Пророческий характер вдохновения подчеркивается церковнославянской образностью («зенница», «терн», «молния», «распахнутся небеса»). В лирике Хомякова частотна персонификация творческой, духовной силы в образах гения, ангела-хранителя.

В стихотворении «Надпись на картине (ангел спасает две души от сатаны)» (1848) в рамках трехчастной композиции раскрывается диалектика воплощения – земной жизни – возвращения на небесную родину.

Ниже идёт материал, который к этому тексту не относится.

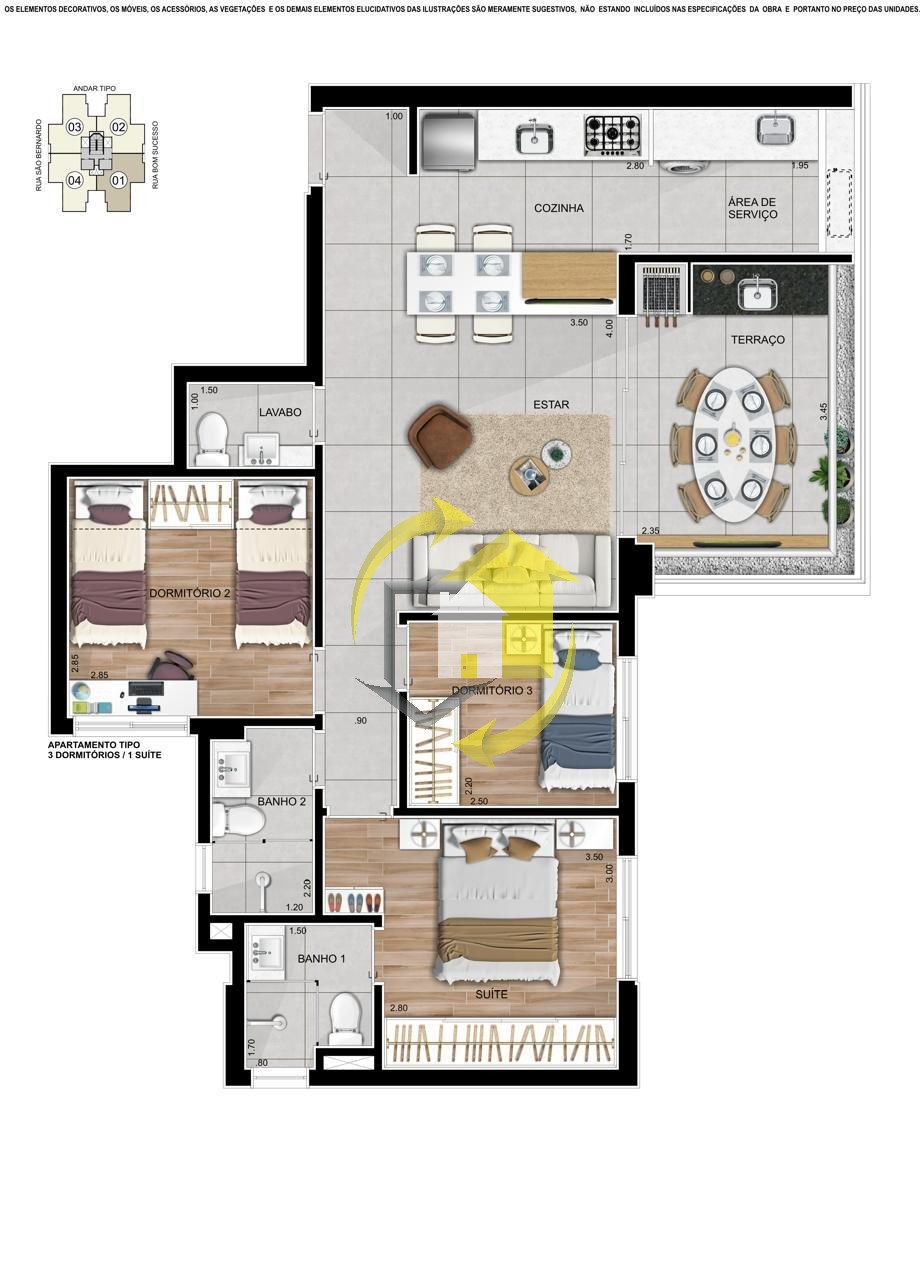 Apartamento à venda com 2 quartos, 80m² - Foto 20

Поэт намечает две возможности жизнетворчества человека: активное приобщение к земному миру и отстранение от него, сохранение «юного чела». После физической смерти «образ» души продолжает сохранять индивидуальные черты, единство субстанционального и земного.

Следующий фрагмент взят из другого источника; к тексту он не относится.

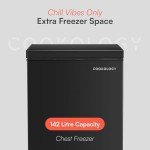 Cookology 142L Freestanding Chest Freezer - Black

В лирике Хомякова («Элегия на смерть В. К. К<иреевского>», 1827; «На сон грядущий», 1831) смерть воспринимается как освобождение духовной субстанции, как родовой удел, – отсюда идея приятия кончины. Поэт подчеркивал, что в бессмертной душе человека, как и в истории, ведут борьбу молодость и старость, воскресение и смерть. Аналогом воскресения на уровне внутреннего духовного мира выступает конструктивное воспоминание.

Осмысляя метафизику бессмертия, Хомяков указывает на особые его формы в истории, в памяти народа: в оде «Бессмертие вождя» (1823) момент гибели героя за родину становится максимальной формой его жизнетворчества, победой над смертью. В стихотворении «Желание покоя» (1825) бессмертие также соотнесено с образным рядом памяти о старине, славе.

Хомяков раскрывает представление о генетической форме бессмертия в стихотворении «К детям» (1839). Крестное знаменье и молитва выражают охранительное начало, оформляющее связи между душами, которые оказываются сильнее смерти. Тема отеческой любви возводится к ее абсолютной форме – благодати Бога к человеку.

Ощущение бессмертия на уровне лирического переживания в поэзии Хомякова становится одной из ключевых метафизических идей, проясняющих онтологический статус человека, в котором бессмертная духовная жизнь познает себя через конечную и индивидуальную форму. При этом продолжаются традиции Православия, немецкой классической философии, любомудров. Идея бессмертия выступает в качестве мировоззренческой доминанты в гносеологии, онтологии, эстетике, этике и историософии Хомякова, нацеленной на обретение искомого идеала полноты бытия, единства имманентного и трансцендентного миров.